Work instructions: Find the string "Leather" in the entries and copy each line that has it.

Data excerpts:
####################

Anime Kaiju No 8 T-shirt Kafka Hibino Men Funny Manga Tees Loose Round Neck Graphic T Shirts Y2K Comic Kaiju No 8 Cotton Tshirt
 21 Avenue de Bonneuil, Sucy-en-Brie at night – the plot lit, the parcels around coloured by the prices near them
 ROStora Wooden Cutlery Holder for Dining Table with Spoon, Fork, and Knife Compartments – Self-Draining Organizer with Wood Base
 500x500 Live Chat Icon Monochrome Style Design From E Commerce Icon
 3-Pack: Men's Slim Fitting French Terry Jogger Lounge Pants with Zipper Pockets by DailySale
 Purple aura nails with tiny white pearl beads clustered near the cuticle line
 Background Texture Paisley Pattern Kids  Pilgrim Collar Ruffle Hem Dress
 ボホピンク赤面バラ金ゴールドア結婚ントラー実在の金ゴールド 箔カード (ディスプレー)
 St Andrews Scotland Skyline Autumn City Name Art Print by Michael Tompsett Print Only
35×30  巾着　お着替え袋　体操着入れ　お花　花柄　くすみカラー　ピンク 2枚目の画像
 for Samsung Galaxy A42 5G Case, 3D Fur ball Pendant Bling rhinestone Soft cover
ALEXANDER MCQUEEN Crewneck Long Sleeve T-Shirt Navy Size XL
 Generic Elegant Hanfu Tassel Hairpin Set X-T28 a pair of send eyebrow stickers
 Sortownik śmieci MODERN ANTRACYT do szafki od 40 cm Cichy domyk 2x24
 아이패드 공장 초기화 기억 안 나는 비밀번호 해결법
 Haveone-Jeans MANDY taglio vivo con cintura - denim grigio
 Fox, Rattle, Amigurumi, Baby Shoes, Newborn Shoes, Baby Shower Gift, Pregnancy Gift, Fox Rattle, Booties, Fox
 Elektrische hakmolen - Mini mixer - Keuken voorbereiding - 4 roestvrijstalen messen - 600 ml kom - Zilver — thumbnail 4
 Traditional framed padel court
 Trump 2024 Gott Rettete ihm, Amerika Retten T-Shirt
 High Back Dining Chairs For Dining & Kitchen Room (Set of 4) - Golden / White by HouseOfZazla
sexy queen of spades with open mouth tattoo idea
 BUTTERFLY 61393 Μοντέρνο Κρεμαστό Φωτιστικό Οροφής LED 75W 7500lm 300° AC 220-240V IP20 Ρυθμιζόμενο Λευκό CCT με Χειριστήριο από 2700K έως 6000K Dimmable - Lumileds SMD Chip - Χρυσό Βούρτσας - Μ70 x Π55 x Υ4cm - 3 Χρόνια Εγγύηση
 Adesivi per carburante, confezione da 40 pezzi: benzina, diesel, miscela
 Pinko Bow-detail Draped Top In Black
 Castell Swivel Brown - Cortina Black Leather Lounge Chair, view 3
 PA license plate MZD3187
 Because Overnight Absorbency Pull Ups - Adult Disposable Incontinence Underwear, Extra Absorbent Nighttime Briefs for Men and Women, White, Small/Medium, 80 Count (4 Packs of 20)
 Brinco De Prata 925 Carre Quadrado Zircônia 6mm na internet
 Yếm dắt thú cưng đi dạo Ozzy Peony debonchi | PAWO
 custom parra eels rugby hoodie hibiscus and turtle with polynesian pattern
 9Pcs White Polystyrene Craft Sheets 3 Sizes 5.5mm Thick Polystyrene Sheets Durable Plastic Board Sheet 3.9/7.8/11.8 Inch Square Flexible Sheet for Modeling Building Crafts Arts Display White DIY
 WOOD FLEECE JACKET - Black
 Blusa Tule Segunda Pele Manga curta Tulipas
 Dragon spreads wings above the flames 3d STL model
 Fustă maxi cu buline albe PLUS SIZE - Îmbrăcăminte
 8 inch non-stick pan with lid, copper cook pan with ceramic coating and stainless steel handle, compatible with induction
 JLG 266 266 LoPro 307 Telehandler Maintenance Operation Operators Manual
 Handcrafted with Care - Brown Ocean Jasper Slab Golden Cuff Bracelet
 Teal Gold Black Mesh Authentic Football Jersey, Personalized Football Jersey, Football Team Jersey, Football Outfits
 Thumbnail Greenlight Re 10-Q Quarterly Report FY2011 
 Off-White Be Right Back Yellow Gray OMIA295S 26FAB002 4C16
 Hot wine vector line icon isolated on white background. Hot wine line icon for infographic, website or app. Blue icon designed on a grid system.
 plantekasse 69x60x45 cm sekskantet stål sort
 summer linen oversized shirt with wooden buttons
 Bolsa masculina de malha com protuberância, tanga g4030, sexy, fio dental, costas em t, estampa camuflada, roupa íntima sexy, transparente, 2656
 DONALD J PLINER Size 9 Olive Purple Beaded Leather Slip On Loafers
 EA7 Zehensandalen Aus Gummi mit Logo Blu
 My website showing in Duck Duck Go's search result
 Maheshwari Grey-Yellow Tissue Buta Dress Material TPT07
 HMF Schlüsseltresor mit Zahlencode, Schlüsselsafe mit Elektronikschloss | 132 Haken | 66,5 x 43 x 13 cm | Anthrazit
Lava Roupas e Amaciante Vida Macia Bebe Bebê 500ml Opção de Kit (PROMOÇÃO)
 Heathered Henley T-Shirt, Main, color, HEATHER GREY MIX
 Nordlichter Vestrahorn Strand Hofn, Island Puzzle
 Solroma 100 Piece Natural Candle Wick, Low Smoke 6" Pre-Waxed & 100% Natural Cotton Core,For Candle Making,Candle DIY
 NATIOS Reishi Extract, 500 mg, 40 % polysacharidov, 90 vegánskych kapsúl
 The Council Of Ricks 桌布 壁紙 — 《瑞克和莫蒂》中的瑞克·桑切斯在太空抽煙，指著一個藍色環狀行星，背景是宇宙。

####################

The completed task:
 Castell Swivel Brown - Cortina Black Leather Lounge Chair, view 3
 DONALD J PLINER Size 9 Olive Purple Beaded Leather Slip On Loafers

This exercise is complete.